If I denote the integral as $I(f)$, we've got $I(f_n) \to I(f)$ in norm in the $L_2$ space. From the continuity of the scalar product we get $$EI(f_n) = \langle I(f_n),1 \rangle \to \langle I(f),1 \rangle = EI(f)$$
Since obviously $EI(f_n)=0$ ($Z$ is centered), $EI(f)=0$.
Is this correct? If not, I'd appreciate a nudge in the right direction. Thanks!

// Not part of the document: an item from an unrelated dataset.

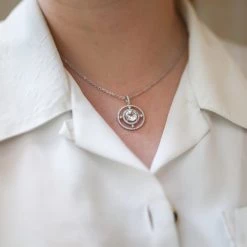 Kiki McDonough Ltd Apollo Large White Topaz And Diamond Pendant In White Gold Necklaces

edit: Details. $f_n$ are simple functions (piece-wise constant) that converge to $f$. The integral of $f$ is then defined as a limit of integrals of the simple functions. More rigorously:
We have the process $\{Z_\lambda, \lambda \in [a,b] \}$ which is centered, right mean-continuous (in $L_2$), with orthogonal increments ($E(X_{t_4}- EX_{t_3})(\overline{X_{t_2} - EX_{t_1}})=0$ for $t_4>t_3>t_2>t_1$), the interval $[a,b]$ is bounded. Integral of a square-integrable simple (piece-wise constant) function is defined as $$\int^b_a f dZ = \sum^n_{k=1} c_k (Z_{\lambda_k} - Z_{\lambda_{k-1}})$$ For a (nonsimple) function $f$, we take $f_n$ converging to $f$ (simple functions are a dense subset) and define $$I(f) = \text{l.i.m.}_{n\to \infty} I(f_n) := \text{l.i.m.}_{n\to \infty} \int^b_a f_n dZ$$ Where the limit is the limit in the mean.
Hopefully that clears this up, if not, let me know.